Andrés escribía, y bien. Tenía imaginación, y mucha. Y leyó, bastante. Pero luego le pesó la vida, y la de los demás porque no la supo manejar y ahí estaba el arte. Hay quienes escriben como políticos, los hay que escriben como reporteros. Pero si Andrés hubiera vivido en el siglo XXI hubiera sido rapero. Quizás él escribió copiando a todos y cada uno de los escritores que leía. A Lovecraft, a Sartre. Pero a la hora de ser él, reaccionaba, más que crear.

Y a la hora de escoger la muerte, como lo hacen muchos cuando completan su primer y único libro, lo hacen sin saber cómo. Creyendo que así serán leyenda, o se creen leyenda en ese momento, o quién sabe, es su karma, como quien quema un libro después de leerlo. Porque no le satisfizo o porque no quiso someter a otro a una porquería.
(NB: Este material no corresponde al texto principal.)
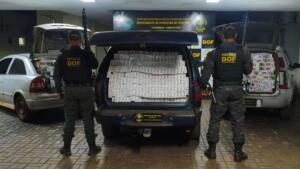 Suspeitos fogem e DOF apreende R$ 390 mil em cigarros em casa usada como depósito em Dourados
Andrés no se gustaba. Lo gritaban sus ropas, y en queriendo ser distinto, porque solamente un borracho lo veía atractivo a la hora de los mameyes, se dejaba esa melena piojosa, sucia despeinada. ¿Quién se gusta así? Y sus “amigos” que el despreció y odió hasta en sus cartas, en sus relatos que no llegaban a cuentos porque él no creaba como hay que hacerlo, no construía castillos sino favelas, chozas, improvisaba…

Sus “amigos” digo, todos tenían un interés cretino, como el escritor gay que se amistó con él porque no pasó de ahí y entonces se ensartó en una correspondencia absurda…quizás esperando que más adelante…porque Andrés era eso, un vacilador de gente y de vida. Un provocador. Y se provocó tanto, de esa manera… Hemingway por lo menos se pegó el tiro de gracia cuando terminó su obra.  

RIP, Andrés…continuará en la otra vida…si es que la hay o si es que donde él está también se escribe.